You see 0.9375 g of daughter. You assume that came from 0.9375 g of unstable atom that decayed. So there was originally 0.9375 g more than there is now.

Orodruin said:
The mass is not the mass of one nucleus of the element, it is the total mass in the sample of the element.

If all of the unstable element had decayed, then there would only be the daughter element left and it would have all the mass.
Thank you very much, I got it now.

RPinPA said:
No. Suppose you had 5 radioactive atoms. Now 3 of them decay, so you have 2 radioactive and 3 daughters.
Are you saying for some reason that you expect even after 3 of them decay, there are still more original than daughters? Why?
Now suppose all 5 of the original atoms decay. 0 original atoms left. 5 daughters. Are you saying that you STILL think you have more original than daughters? Why?

As the radioactive atom decays, their mass decreases. The mass of daughters increases. Sooner or later the second one is bigger than the first one.
So it appears the assumption is that the 0.9375 g of daughter came from 0.9375 g of unstable atom. The mass lost was negligible.

If you saw 2 unstable atoms and 3 of the stable decay product and wanted to know how many unstable atoms you started with, you would say "these 3 daughter atoms came from 3 unstable atoms. So I started with 3 more than I have now. There were 5."

You see 0.9375 g of daughter. You assume that came from 0.9375 g of unstable atom that decayed.
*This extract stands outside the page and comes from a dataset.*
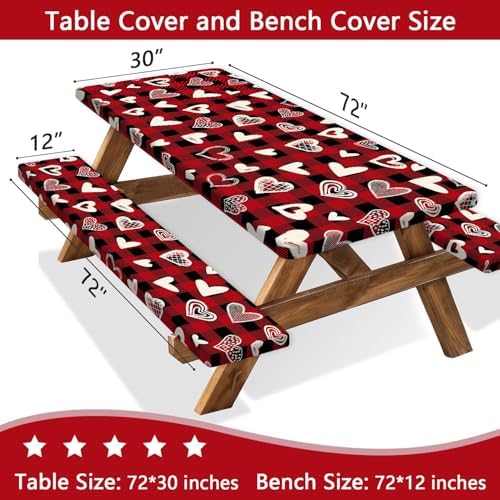 Valentines Day Picnic Table Cover with Bench Covers, Camping Essentials, Heart Buffalo Plaid Outdoor Table Covers, Waterproof Windproof, Fitted Tablecloth Cover with Elastic Edge, 3 PCS, 30x72 Inch - Image 3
So there was originally 0.9375 g more than there is now.
Your reply is pretty helpful to me, thank you so much.

## What is half life?

Half life is the amount of time it takes for half of a radioactive substance to decay into a stable form.

## What is radioactive decay?

Radioactive decay is the process by which an unstable atom releases energy and particles to become a more stable element.
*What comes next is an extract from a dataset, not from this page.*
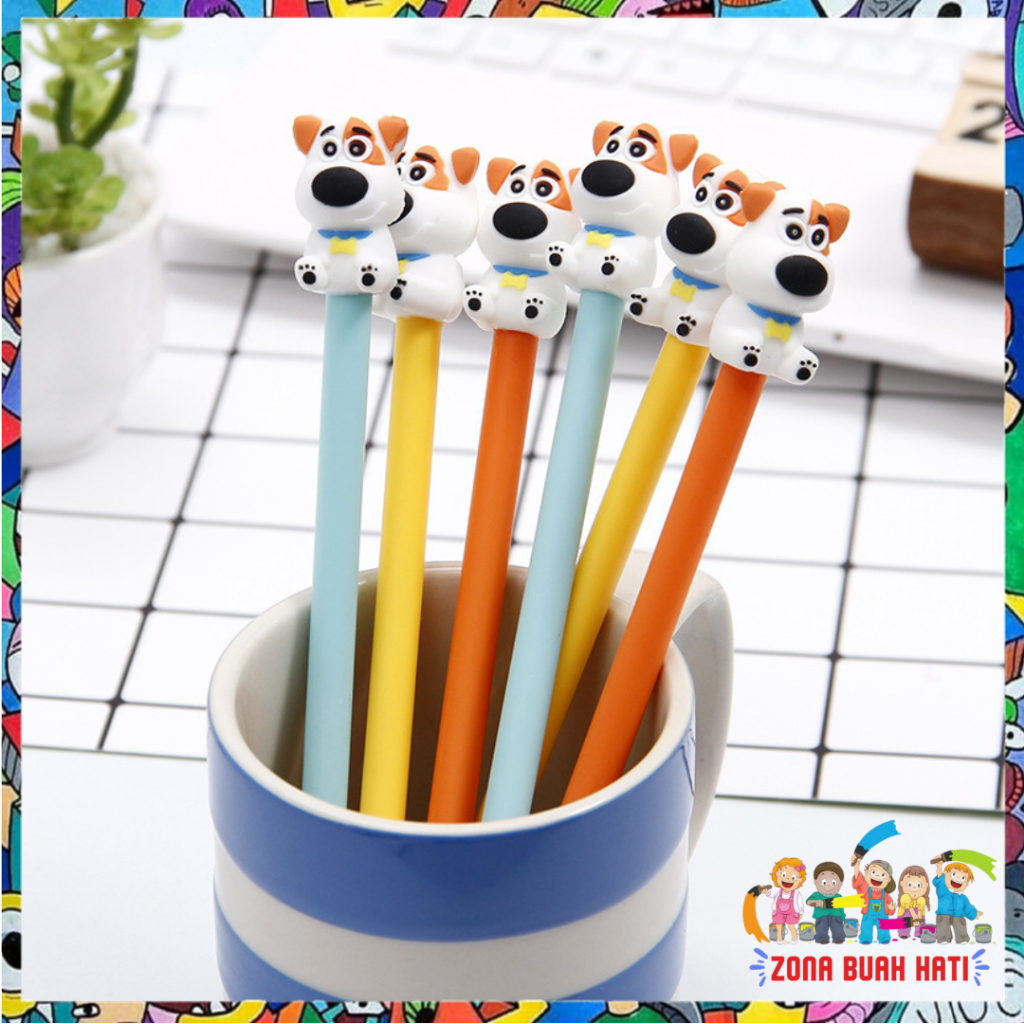 

ZBH Pulpen Gel Karakter Puppy Lucu 0.5mm Pena Motif Doggy 3d Pen Cute Student Alat Tulis Kantor Sekolah Tinta Cair Ujung Lancip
## How is half life calculated?

Half life is calculated using the formula t(1/2) = ln(2)/λ, where t(1/2) is the half life, ln(2) is the natural logarithm of 2, and λ is the decay constant.

## What factors affect the half life of a substance?

The half life of a substance can be affected by various factors such as temperature, pressure, and the chemical environment. It is also specific to each type of radioactive substance.

## Why is half life important in nuclear medicine?

Half life is important in nuclear medicine because it allows for accurate dosing and timing of radiation treatments. It also helps determine the decay rate of radioactive isotopes used in medical imaging and diagnostic procedures.